_Work request:_ Look below for the line holding "XUYÊN KHÔNG TRUYỆN" and the line holding "Man shot 16-year-old". Transcribe exactly those lines and all lines between them, nothing more.
· · ·
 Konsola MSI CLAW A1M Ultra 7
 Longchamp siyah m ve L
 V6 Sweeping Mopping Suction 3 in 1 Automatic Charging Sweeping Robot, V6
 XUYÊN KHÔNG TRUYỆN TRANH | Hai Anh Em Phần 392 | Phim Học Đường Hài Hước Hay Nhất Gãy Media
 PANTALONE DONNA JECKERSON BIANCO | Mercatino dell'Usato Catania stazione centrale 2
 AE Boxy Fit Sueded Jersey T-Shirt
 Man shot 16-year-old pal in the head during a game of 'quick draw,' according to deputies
· · ·
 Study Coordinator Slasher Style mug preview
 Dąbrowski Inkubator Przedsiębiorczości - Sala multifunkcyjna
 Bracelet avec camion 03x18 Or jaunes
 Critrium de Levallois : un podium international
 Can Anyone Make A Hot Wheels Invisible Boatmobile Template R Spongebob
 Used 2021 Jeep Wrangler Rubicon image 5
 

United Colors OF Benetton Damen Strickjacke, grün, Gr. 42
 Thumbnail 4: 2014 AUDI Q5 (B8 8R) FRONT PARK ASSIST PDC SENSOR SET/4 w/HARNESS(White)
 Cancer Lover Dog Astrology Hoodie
· · ·
_Solution to the exercise:_
 XUYÊN KHÔNG TRUYỆN TRANH | Hai Anh Em Phần 392 | Phim Học Đường Hài Hước Hay Nhất Gãy Media
 PANTALONE DONNA JECKERSON BIANCO | Mercatino dell'Usato Catania stazione centrale 2
 AE Boxy Fit Sueded Jersey T-Shirt
 Man shot 16-year-old pal in the head during a game of 'quick draw,' according to deputies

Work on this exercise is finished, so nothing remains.